The bodies who work at The Elysian Society are primarily female, and wear white, tissue-thin clothing. They sit before clients who have chosen them to swallow a pill known as a lotus, and in doing so summon a person of the customer’s choosing. The society has rules, including no victims of murder being brought forth and no subjects who committed suicide; the threat of a body being taken over completely lurks in whispers. This regulated format seems to offer safety, but as much as bodies shed themselves, they are human and can’t be vacated entirely, no matter the circumstances. Interactions take place outside of the society, too, with workers spending time with clients in their homes, acting as their loved ones, even having sex with them. As Edie, the narrator, learns when Patrick Braddock, whose wife Sylvia Braddock passed away under questionable circumstances, begins visiting her for sessions that move outside of the office, these boundaries are always blurry.

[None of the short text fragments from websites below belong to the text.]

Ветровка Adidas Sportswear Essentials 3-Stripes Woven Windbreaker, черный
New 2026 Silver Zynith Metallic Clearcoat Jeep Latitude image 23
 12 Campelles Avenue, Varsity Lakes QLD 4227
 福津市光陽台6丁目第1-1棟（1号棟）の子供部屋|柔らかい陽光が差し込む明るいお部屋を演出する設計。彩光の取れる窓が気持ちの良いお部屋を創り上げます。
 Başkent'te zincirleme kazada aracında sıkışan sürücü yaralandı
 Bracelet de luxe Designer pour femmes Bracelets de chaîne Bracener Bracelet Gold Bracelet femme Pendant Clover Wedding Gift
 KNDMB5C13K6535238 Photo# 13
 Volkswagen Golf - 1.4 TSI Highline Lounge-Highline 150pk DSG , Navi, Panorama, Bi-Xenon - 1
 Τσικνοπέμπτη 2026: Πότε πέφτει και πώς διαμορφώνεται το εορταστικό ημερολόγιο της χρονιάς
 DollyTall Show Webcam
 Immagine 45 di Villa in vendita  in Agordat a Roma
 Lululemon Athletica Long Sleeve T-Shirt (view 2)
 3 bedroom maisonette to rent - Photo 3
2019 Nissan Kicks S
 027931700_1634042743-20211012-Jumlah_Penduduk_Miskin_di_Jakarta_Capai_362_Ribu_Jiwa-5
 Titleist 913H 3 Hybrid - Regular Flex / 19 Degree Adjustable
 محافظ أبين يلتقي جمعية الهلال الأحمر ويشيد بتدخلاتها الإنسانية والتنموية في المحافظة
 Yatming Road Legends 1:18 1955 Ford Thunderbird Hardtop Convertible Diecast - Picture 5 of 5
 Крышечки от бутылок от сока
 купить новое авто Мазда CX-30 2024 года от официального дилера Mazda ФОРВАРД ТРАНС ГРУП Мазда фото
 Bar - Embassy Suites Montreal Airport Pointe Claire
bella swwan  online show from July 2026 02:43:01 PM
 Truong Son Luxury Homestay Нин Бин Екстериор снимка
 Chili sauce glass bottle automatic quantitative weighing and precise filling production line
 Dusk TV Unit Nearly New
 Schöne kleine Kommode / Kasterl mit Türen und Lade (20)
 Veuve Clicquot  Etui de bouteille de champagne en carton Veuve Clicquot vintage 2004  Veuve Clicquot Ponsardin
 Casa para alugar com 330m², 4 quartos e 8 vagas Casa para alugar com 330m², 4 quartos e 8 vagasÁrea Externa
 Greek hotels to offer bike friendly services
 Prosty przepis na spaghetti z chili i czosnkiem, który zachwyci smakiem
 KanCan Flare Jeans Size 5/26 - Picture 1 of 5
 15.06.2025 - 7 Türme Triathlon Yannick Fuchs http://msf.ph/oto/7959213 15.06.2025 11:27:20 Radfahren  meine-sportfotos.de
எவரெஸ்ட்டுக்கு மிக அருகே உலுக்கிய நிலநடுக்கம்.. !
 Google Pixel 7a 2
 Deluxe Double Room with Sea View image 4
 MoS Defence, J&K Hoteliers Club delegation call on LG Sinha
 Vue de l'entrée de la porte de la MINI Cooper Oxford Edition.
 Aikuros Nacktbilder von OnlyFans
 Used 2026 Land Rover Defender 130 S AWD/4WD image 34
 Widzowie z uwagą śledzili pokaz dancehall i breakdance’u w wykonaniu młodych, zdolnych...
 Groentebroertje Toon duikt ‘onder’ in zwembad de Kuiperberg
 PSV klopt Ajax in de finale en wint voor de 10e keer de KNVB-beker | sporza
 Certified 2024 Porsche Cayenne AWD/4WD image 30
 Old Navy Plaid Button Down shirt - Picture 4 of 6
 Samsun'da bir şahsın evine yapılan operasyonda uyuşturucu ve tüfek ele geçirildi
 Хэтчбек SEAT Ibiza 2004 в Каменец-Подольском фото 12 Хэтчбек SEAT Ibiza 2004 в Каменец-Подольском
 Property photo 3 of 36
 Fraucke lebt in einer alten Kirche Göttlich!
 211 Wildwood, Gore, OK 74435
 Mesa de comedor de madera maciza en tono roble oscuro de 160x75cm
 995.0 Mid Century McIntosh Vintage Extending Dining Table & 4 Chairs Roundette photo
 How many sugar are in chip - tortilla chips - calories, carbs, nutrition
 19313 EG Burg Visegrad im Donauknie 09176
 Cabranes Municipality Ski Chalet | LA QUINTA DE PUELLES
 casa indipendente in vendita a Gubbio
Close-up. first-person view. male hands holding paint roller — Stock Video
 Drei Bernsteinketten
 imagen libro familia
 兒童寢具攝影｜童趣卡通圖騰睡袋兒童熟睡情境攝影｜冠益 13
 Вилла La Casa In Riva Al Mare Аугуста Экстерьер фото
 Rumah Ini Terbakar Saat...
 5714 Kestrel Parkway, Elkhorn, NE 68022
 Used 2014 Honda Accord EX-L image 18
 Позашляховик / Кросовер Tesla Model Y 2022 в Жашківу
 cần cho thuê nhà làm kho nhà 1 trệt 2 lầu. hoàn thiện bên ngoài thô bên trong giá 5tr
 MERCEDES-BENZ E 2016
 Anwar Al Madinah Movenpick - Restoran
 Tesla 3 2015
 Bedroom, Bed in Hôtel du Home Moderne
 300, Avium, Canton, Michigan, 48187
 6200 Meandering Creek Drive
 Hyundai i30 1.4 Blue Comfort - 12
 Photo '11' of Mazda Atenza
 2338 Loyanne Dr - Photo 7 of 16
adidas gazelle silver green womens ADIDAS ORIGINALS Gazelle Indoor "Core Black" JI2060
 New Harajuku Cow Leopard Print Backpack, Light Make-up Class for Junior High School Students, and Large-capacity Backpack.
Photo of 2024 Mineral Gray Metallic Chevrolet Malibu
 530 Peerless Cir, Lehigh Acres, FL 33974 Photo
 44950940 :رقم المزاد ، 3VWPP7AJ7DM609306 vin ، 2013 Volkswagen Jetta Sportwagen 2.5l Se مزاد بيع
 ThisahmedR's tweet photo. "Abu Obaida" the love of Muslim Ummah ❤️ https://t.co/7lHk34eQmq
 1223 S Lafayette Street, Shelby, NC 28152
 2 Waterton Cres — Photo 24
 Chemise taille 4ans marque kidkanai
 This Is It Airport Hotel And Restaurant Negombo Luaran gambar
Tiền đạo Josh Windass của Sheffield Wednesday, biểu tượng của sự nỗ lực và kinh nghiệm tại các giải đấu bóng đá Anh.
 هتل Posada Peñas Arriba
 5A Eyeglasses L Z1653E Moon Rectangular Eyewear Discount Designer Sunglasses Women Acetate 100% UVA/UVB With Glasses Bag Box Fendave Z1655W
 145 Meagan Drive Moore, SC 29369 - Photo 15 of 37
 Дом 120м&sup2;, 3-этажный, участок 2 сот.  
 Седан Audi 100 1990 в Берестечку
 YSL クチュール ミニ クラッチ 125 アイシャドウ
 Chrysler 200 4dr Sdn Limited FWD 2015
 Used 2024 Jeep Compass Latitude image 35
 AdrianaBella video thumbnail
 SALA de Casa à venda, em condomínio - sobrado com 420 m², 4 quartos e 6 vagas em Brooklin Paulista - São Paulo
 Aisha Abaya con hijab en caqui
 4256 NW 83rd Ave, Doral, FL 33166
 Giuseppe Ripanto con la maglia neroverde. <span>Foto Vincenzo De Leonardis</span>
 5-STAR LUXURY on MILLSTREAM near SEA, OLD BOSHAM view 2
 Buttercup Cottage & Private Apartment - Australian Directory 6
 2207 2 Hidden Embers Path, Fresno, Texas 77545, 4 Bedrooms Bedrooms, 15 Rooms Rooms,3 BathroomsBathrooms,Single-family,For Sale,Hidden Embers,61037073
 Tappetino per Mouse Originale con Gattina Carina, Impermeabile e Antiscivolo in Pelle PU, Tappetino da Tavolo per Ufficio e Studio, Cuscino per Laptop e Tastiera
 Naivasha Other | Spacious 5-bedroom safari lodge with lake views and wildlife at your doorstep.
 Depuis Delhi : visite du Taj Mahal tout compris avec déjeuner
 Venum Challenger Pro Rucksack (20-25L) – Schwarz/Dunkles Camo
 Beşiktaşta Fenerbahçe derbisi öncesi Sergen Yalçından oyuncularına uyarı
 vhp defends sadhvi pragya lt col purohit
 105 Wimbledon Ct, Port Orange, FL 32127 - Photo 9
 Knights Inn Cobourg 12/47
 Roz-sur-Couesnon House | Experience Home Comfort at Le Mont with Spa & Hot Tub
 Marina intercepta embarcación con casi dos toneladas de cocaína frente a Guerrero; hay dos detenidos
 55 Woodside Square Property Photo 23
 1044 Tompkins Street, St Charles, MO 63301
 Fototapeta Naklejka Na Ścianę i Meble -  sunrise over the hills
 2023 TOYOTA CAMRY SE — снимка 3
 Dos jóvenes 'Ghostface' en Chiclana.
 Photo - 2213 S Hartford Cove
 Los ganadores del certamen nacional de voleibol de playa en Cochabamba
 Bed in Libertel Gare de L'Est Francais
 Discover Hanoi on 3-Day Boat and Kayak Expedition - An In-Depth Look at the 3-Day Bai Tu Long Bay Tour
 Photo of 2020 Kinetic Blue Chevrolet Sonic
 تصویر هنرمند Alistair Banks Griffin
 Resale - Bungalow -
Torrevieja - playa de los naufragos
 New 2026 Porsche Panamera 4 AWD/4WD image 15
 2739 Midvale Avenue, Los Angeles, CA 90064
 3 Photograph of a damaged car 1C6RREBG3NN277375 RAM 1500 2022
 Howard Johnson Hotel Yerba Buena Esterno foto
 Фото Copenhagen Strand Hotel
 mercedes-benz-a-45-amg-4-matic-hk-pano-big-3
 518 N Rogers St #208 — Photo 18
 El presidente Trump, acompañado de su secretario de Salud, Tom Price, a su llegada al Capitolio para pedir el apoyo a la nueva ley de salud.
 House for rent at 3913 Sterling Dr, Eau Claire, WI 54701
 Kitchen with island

HALEY WEISS: I’d like to talk about what spurred you to write this. Did one element come first, like a character, or was it a broader interest in grief and this idea of possession?

SARA FLANNERY MURPHY: I think it really began more with the idea of The Elysian Society itself. I started with the very broad notion of this organization where people could come and reconnect with their lost loved ones. I was fascinated at first just by the idea of what would this mean? Who are the people who come here? But also, the workers themselves, they definitely interested me a bit more than the clients because there’s that intimacy involved in performing this service for other people, and yet they remain unknown to you—that mix of doing something very, very personal but for people who don’t know you very well, and ideally will never know you that well.

After kind of thinking about that for a while, I was interested in the idea of channeling the story in the direction of one narrator, one perspective of somebody who works there. So the character of Edie, the narrator, followed from the idea of the organization itself.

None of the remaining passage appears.